▸ **Instructions to follow**:
Output word for word the lines from the one with "American Darling Leopard" to the final line of the data, both ends included, but skip the pictures.

▸ **Listed entries**:
# # # #

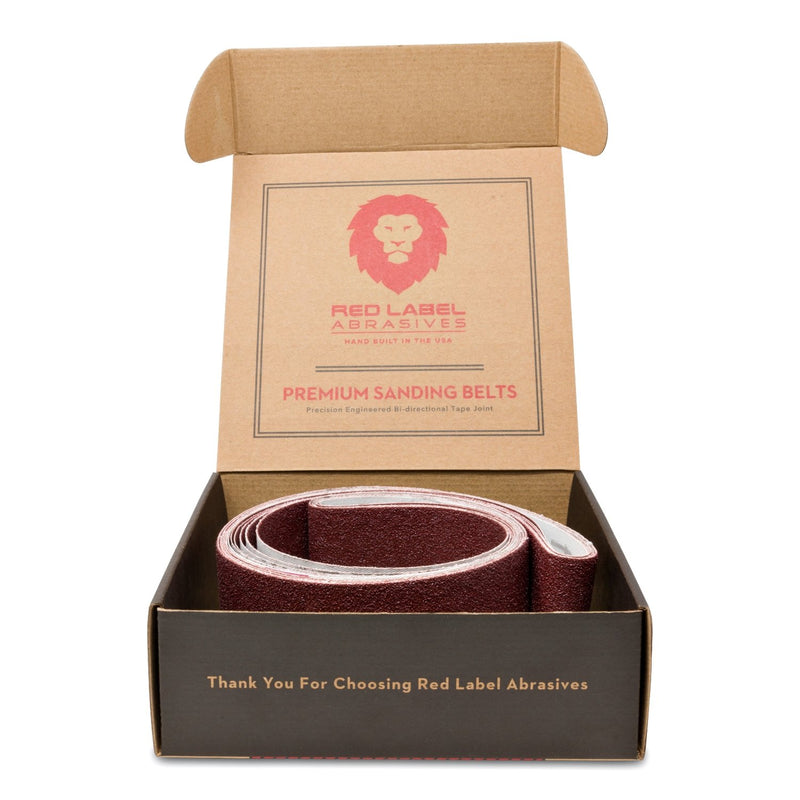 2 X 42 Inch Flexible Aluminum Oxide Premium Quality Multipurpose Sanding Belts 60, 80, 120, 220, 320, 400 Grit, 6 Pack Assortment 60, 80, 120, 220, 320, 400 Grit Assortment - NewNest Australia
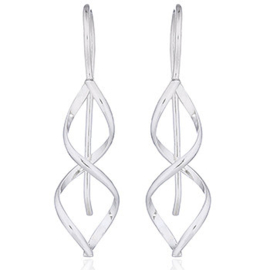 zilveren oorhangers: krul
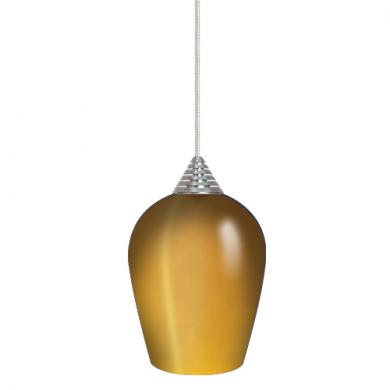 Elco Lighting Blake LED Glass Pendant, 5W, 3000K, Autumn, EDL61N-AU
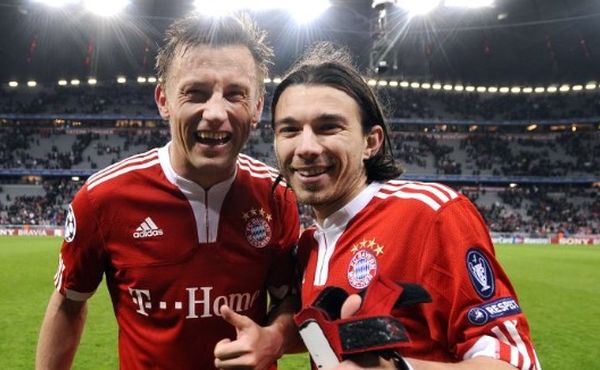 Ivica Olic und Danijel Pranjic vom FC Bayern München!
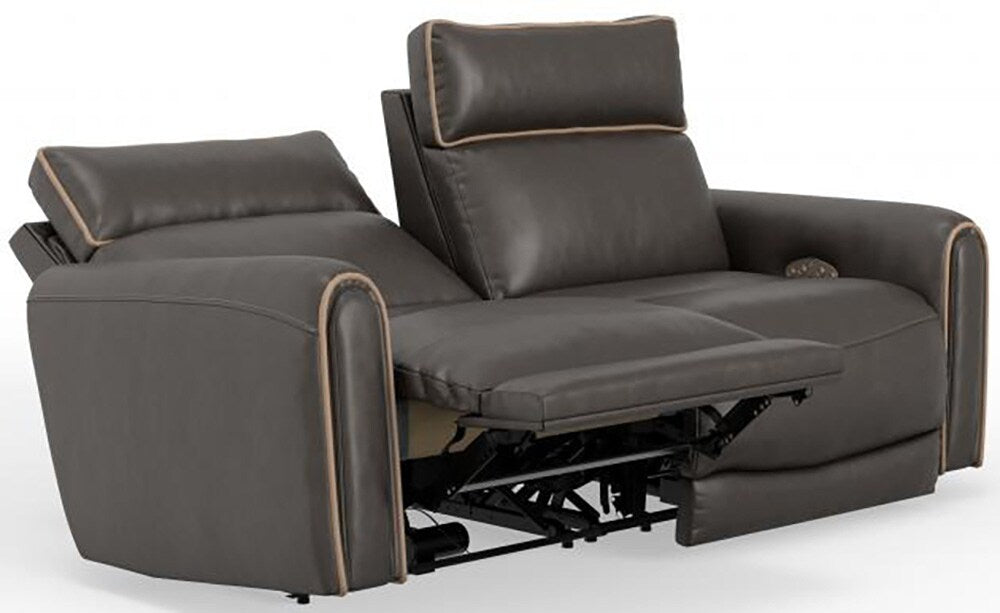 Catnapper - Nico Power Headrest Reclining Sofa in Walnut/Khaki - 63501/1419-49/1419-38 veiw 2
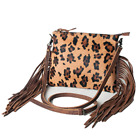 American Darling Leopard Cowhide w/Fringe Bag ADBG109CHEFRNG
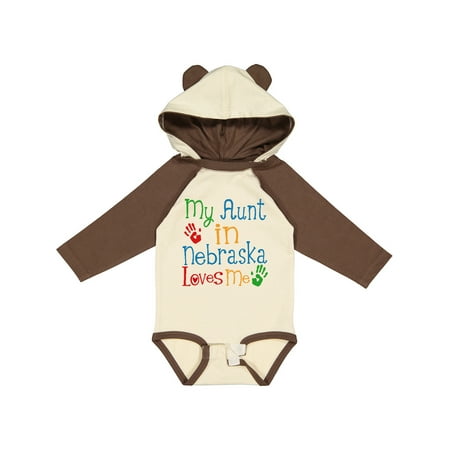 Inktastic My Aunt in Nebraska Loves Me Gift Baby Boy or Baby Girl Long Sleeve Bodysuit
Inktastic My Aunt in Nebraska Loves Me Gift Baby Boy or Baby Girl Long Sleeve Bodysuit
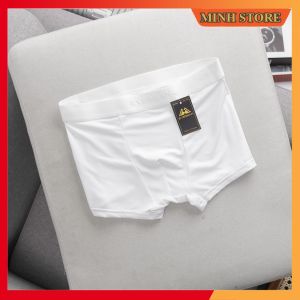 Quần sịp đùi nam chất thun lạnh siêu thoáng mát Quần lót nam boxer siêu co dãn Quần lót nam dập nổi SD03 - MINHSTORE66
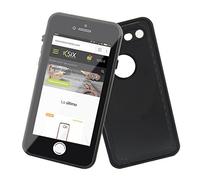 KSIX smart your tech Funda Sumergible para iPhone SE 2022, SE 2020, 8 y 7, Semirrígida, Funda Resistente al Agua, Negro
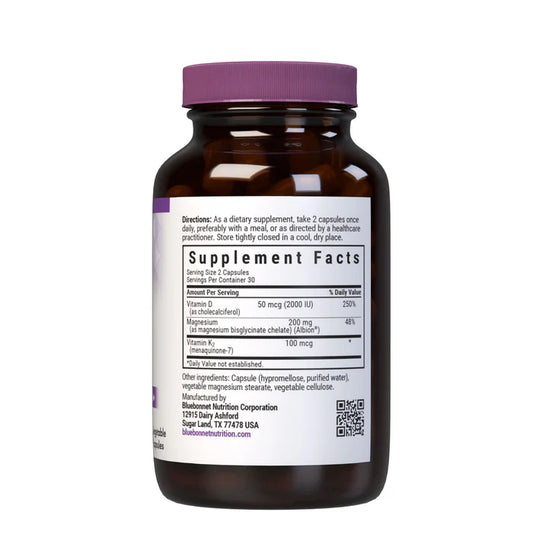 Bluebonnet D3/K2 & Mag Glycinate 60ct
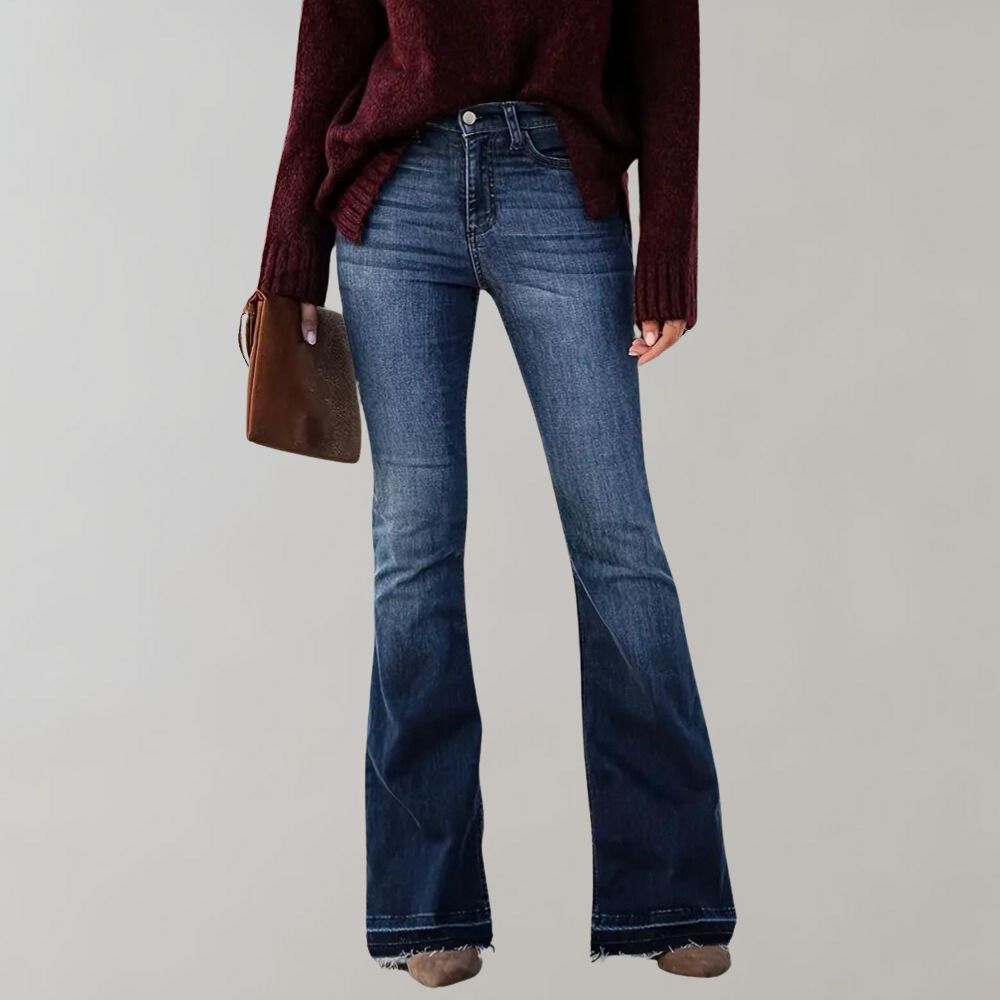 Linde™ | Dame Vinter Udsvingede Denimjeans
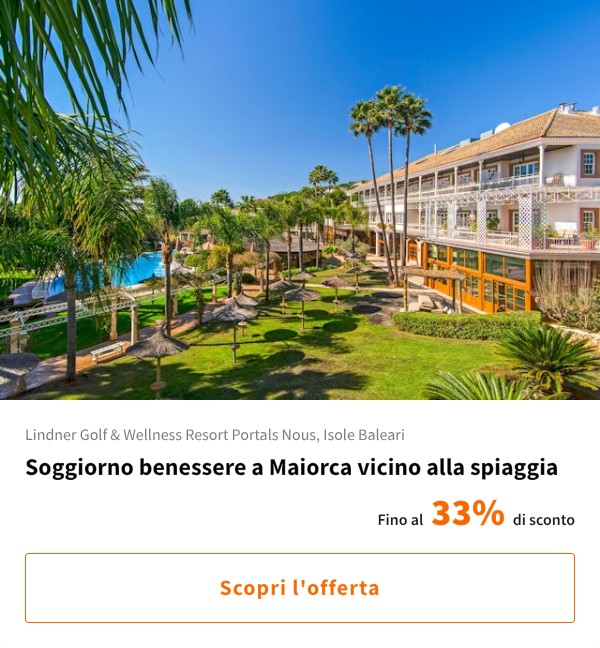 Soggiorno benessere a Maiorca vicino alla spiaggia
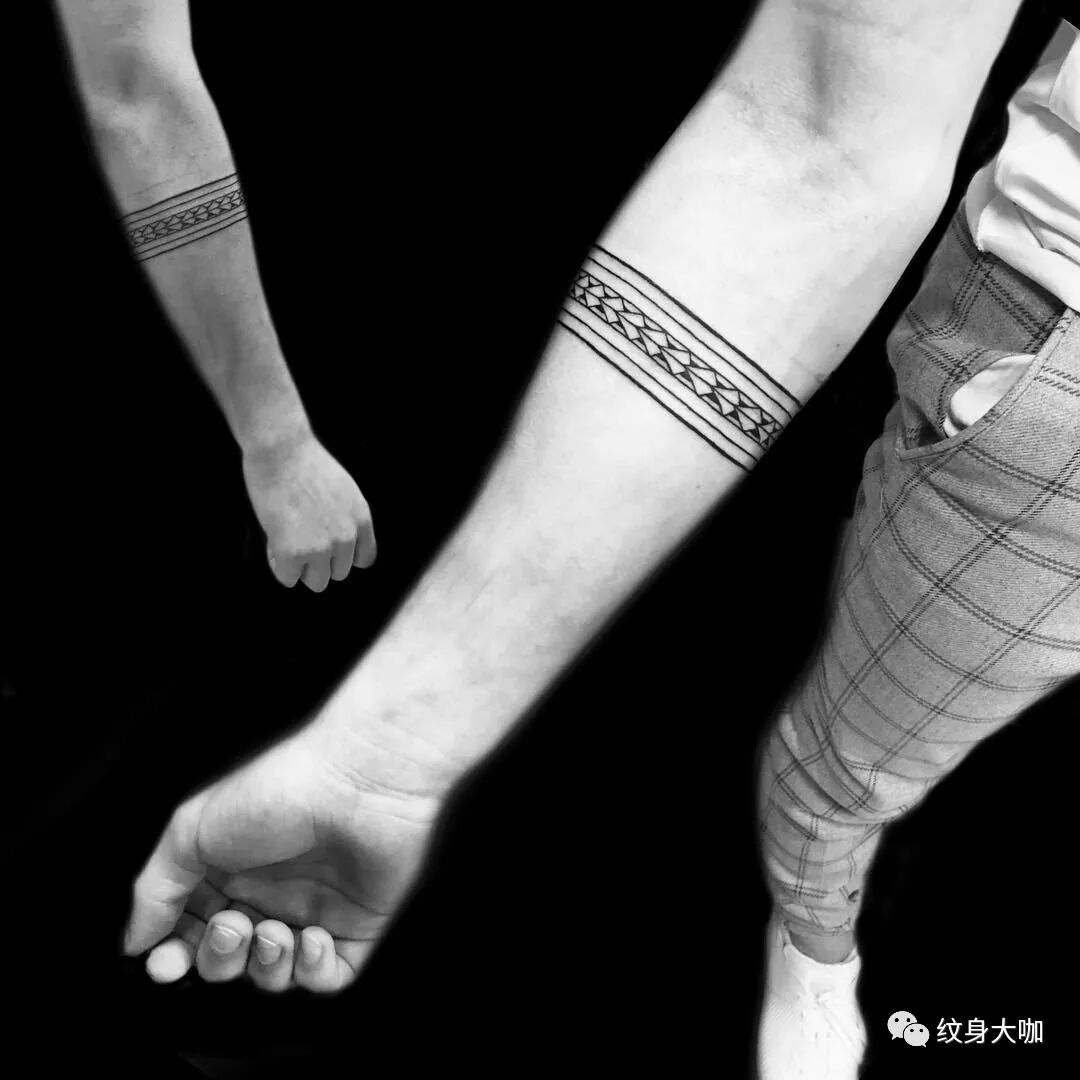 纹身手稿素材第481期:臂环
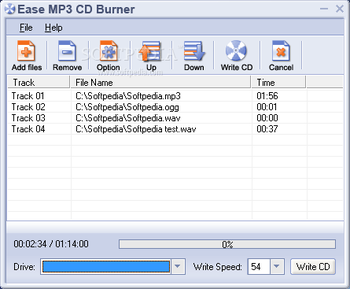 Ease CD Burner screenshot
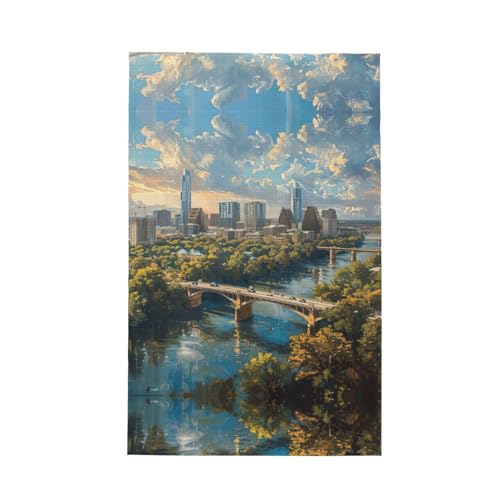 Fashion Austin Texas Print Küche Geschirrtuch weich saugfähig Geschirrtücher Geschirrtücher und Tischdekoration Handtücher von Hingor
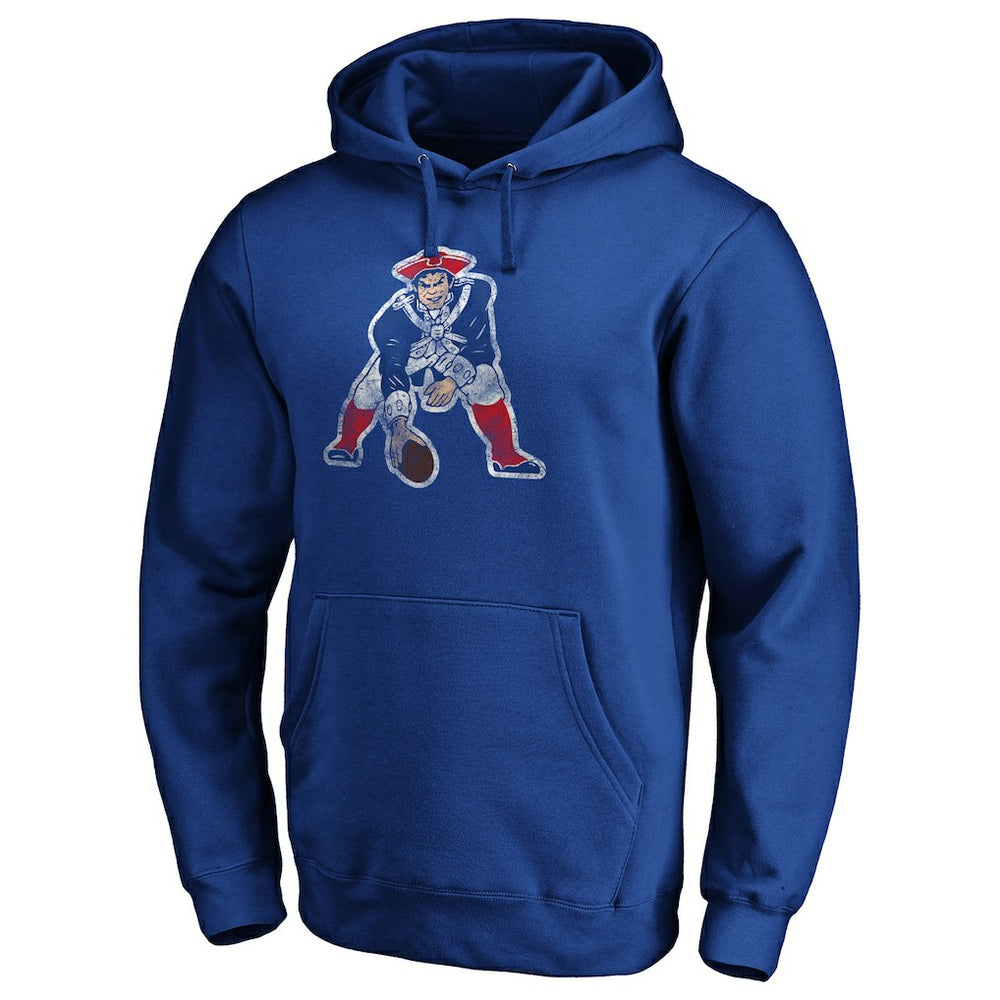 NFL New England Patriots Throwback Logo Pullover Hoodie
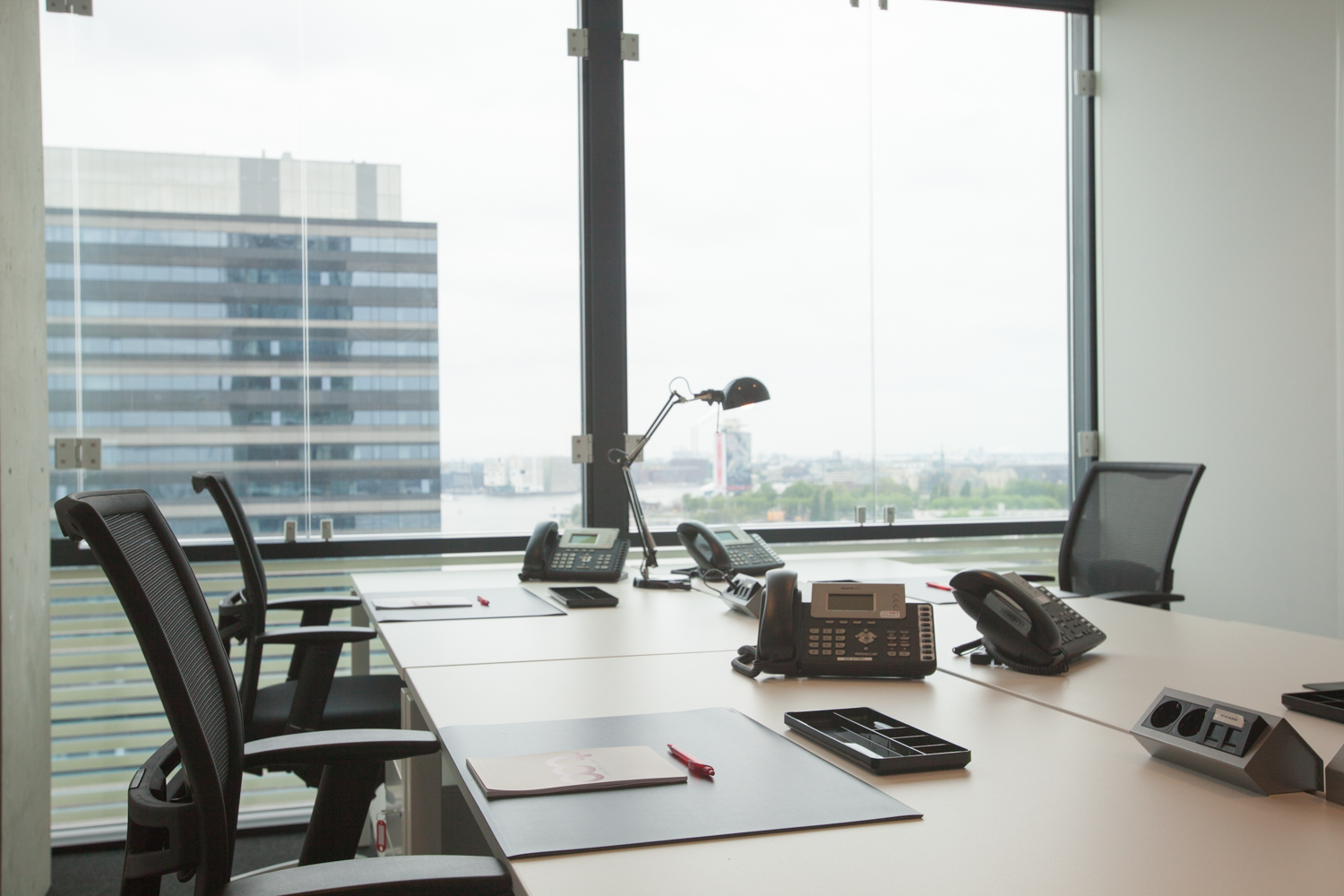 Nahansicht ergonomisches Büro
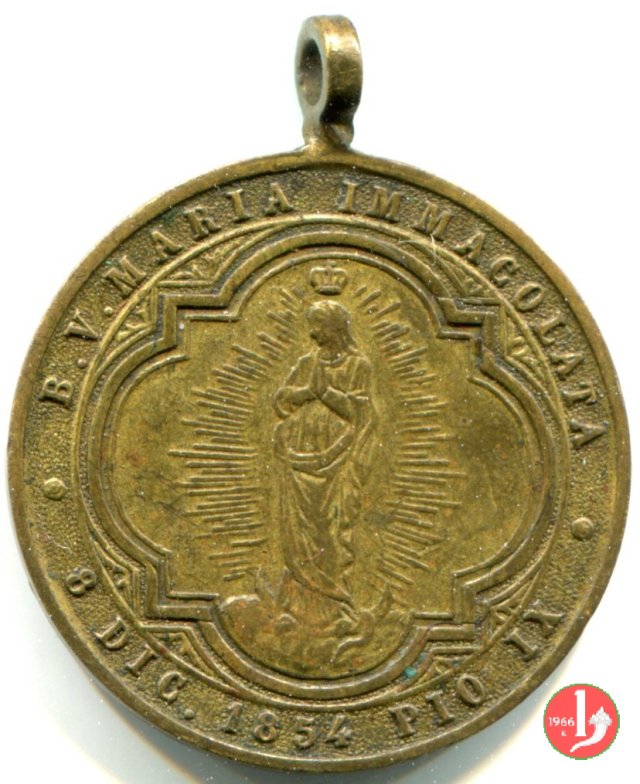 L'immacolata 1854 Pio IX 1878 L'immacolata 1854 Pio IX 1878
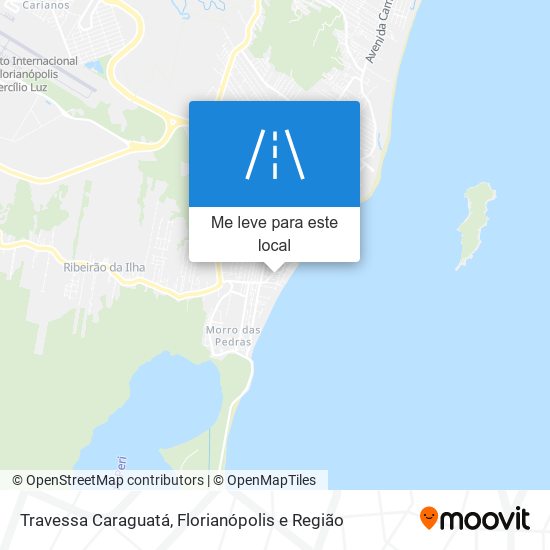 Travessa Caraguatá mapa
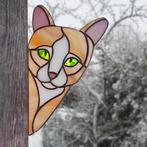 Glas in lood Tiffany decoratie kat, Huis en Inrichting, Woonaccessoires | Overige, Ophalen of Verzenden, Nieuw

# # # #

▸ **Response area**:
 American Darling Leopard Cowhide w/Fringe Bag ADBG109CHEFRNG
 Inktastic My Aunt in Nebraska Loves Me Gift Baby Boy or Baby Girl Long Sleeve Bodysuit
Inktastic My Aunt in Nebraska Loves Me Gift Baby Boy or Baby Girl Long Sleeve Bodysuit
 Quần sịp đùi nam chất thun lạnh siêu thoáng mát Quần lót nam boxer siêu co dãn Quần lót nam dập nổi SD03 - MINHSTORE66
 KSIX smart your tech Funda Sumergible para iPhone SE 2022, SE 2020, 8 y 7, Semirrígida, Funda Resistente al Agua, Negro
 Bluebonnet D3/K2 & Mag Glycinate 60ct
 Linde™ | Dame Vinter Udsvingede Denimjeans
 Soggiorno benessere a Maiorca vicino alla spiaggia
 纹身手稿素材第481期:臂环
 Ease CD Burner screenshot
 Fashion Austin Texas Print Küche Geschirrtuch weich saugfähig Geschirrtücher Geschirrtücher und Tischdekoration Handtücher von Hingor
 NFL New England Patriots Throwback Logo Pullover Hoodie
 Nahansicht ergonomisches Büro
 L'immacolata 1854 Pio IX 1878 L'immacolata 1854 Pio IX 1878
 Travessa Caraguatá mapa
 Glas in lood Tiffany decoratie kat, Huis en Inrichting, Woonaccessoires | Overige, Ophalen of Verzenden, Nieuw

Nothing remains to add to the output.